Working together to block climate solutions

Oil companies' lobbying is having devastating consequences: houses destroyed by Typhoon Haiyan in the Philippines. Photo: Asian Development Bank

July 2018

Like everyone else, big oil companies get by with a little help from their friends.

In 2014, oil companies joined forces to successfully lobby the EU to drop policies which favoured renewable energy.

The European Commission banned the majority of subsidies for clean energy from 2017, and put a stop to nationally-binding renewable energy targets after 2020. These decisions came as a direct result of lobbying by BP, Shell, Statoil and Total, as well as trade organisations representing a whole host of major oil and gas firms.

In October 2011, Shell first targeted  EU policies supporting renewables, such as wind and solar power, saying they should be replaced with a single greenhouse gas target. Instead of investing in clean energy, Shell wanted to substitute one fossil fuel for another through the EU’s Emissions Trading System, using gas to reduce coal emissions.

Just a month later, BP also asked the head of the European Commission to discuss a similar strategy with the president of its Eurogas trade association.

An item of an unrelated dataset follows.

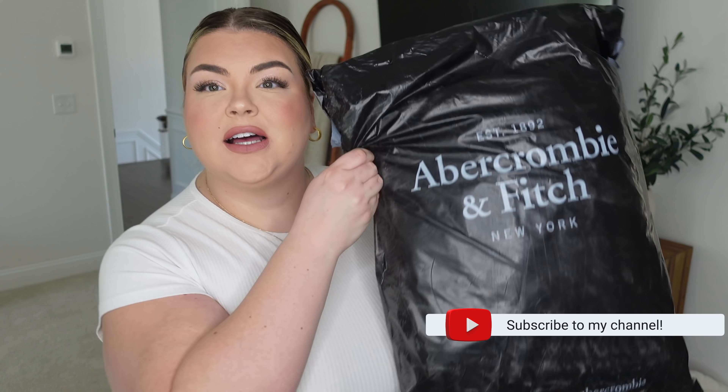Hey you guys, welcome back to my channel. Welcome if you're new. I'm so excited. We are doing a requested Abercrombie and Fitch haul.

Eurogas then encouraged the idea of a sole emissions target, in place of renewable policies, amongst oil and gas companies in lobbying meetings and letters over the next two years.

In reaction to BP and Shell having repeatedly lobbied the UK government to let them to extend oil and gas extraction projects all over the world, the UN’s climate chief, Christina Figueres, wrote to oil companies ahead of the Paris talks, calling on the oil firms to quit lobbying against a strong climate deal and clearly commit to a low carbon future.

Unsurprisingly, it’s not just Europe where these companies exert their influence.

Clubbing together, the total amount spent on lobbying last year by oil and gas companies in the US was $126 million, according to the Open Secrets website.

BP, Shell and Statoil are all members of trade groups in the US which lobby to keep fossil fuels profitable, including the powerful American Petroleum Institute.

BP, Shell, and Statoil also remain members of the International Emissions Trading Association (IETA).

Corporate Accountability International, a NGO campaigning to protect the Paris Agreement, said in a report that:

‘policies like those the IETA is advancing maintain the status quo:  trajectory of fossil fuel dependence, spiralling inequality, and warming that far exceeds 2 degrees Celsius’.

The IETA is particularly fond of as-yet-unproven carbon capture and storage (CCS) technology as a ‘solution’ to climate change, instead of leaving fossil fuels in the ground, which would damage their members’ profits.